It costs $100 a month to rent a tent in a Syrian refugee camp. One can’t purvey the amenities on the Air B&B website, but it would be safe to assume that these tents don’t come with heat, air-conditioning, running water, a kitchen, toilet facilities, or electricity. Such a deal. But compared with being bombed out of one’s home, the choice is obvious; intolerable is better than catastrophic.
To help pay the slumlord, children in the camp can work in neighboring fields for $1 a day. Let’s see, that makes $30 dollars a month during September, April, June, November; all the rest have 31 days – if the little ones work everyday. Even with the shameless exploitation of these unfortunates it is hard to image an unrelenting schedule, but nothing can be assumed in this upside down backwards scenario.
Add to this delight the neighbors, some of which are pro-Assad while others are pro-opposition (an oxymoron that isn’t an oxymoron). Skyrocketing rapes and assaults in the dusty makeshift alleys make social mingling a drag, so the amusement of the day might be a furtive stroll to one of the few food stands set up by an enterprising camp resident to gaze upon unaffordable fruits and vegetables.
People in these camps had houses, jobs and lives with extended social networks, just like me. I gaze at my surroundings, pondering this fact. Granted, the couches are 30 years old (thanks to the sturdy hide of a cow who was even more unfortunate than these refugees), yet “home” is a spacious abode with a view of the mountains and a garden that serves as an addition to the house, with its entrancing terraces, native California plants and an understated waterfall that is a large, flat rock with water dribbling over the side.

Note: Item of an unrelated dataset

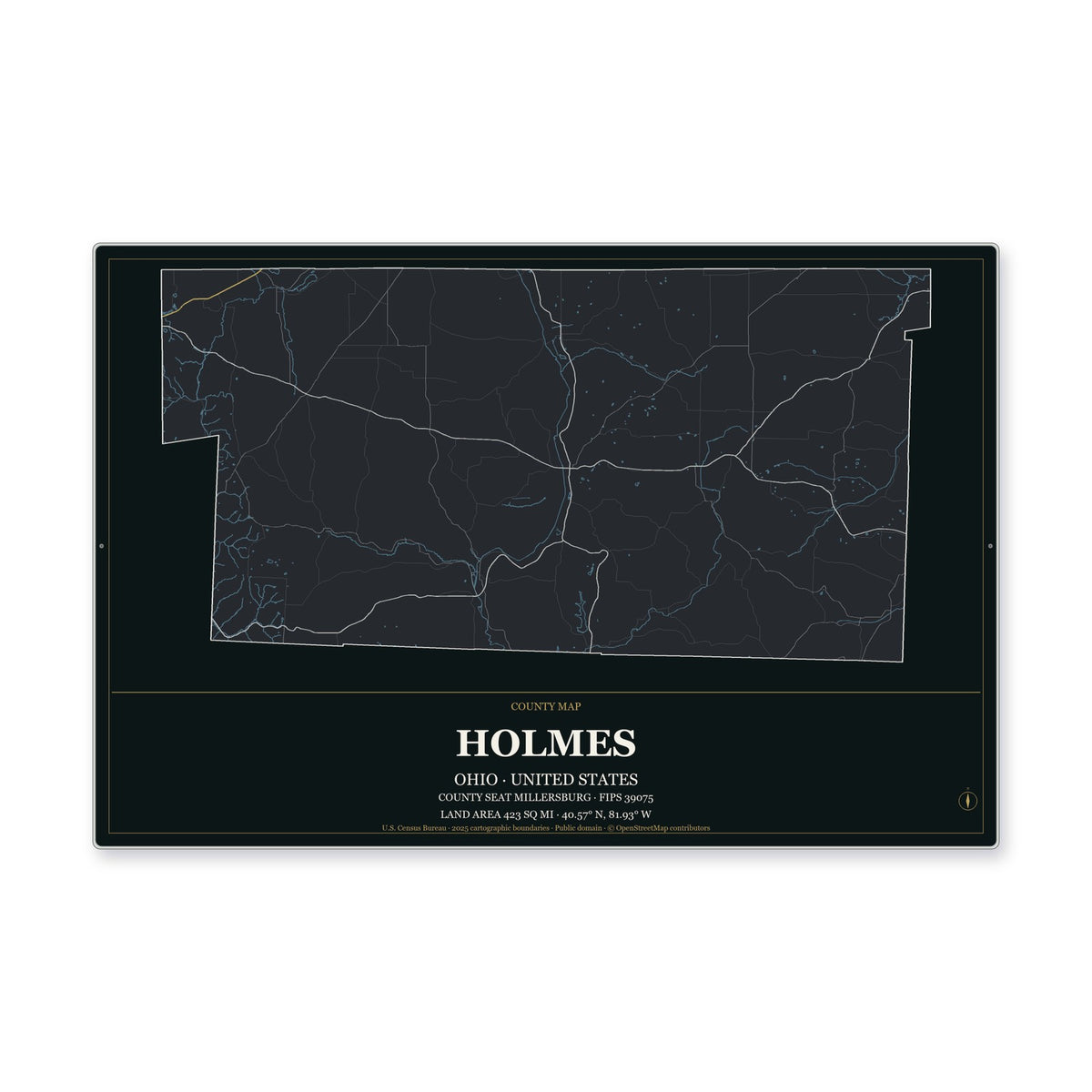 Holmes County, Ohio Map Aluminum Sign in Metropolitan Noir style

Then my mind wanders to the over-sized refrigerator, which is fairly empty by choice. This suburban housewife-mother-painter-writer-filmmaker finds grocery shopping tedious; obviously starvation has never been a personal issue. But were I an enthusiastic chef, there are over fifteen markets within a five mile radius, all wonderlands of colorful vegetables, fruits, and processed food in cardboard packages with marketing ploys adorning their containers like prostitute flowers awaiting their bees.
As an affluent American, it is horrifying to travel to Third World countries and behold people living in drain pipes in heat stroke temperatures, or huddled in plastic garbage bags during freezing winter months with a cow dung fire and half-naked children caked in dirt. Where I live, even the homeless are kings compared to these folks, as a societal castaway in Westlake Village can beg and collect at least $10, then walk into one of the food extravaganzas and chose hundreds of ways to spend the bucks.
Guilt is the hacksaw that slices the heart, but gratitude is the balm that soothes it. This attitude of thanks might not put food in the mouths of refugees but it does one powerful thing: erase the arrogance of the “more is better” culture. Someday our population might achieve critical mass gratitude, and then a global shift would occur. The most pessimistic optimist around, it is my prayer that one day this too shall come to pass.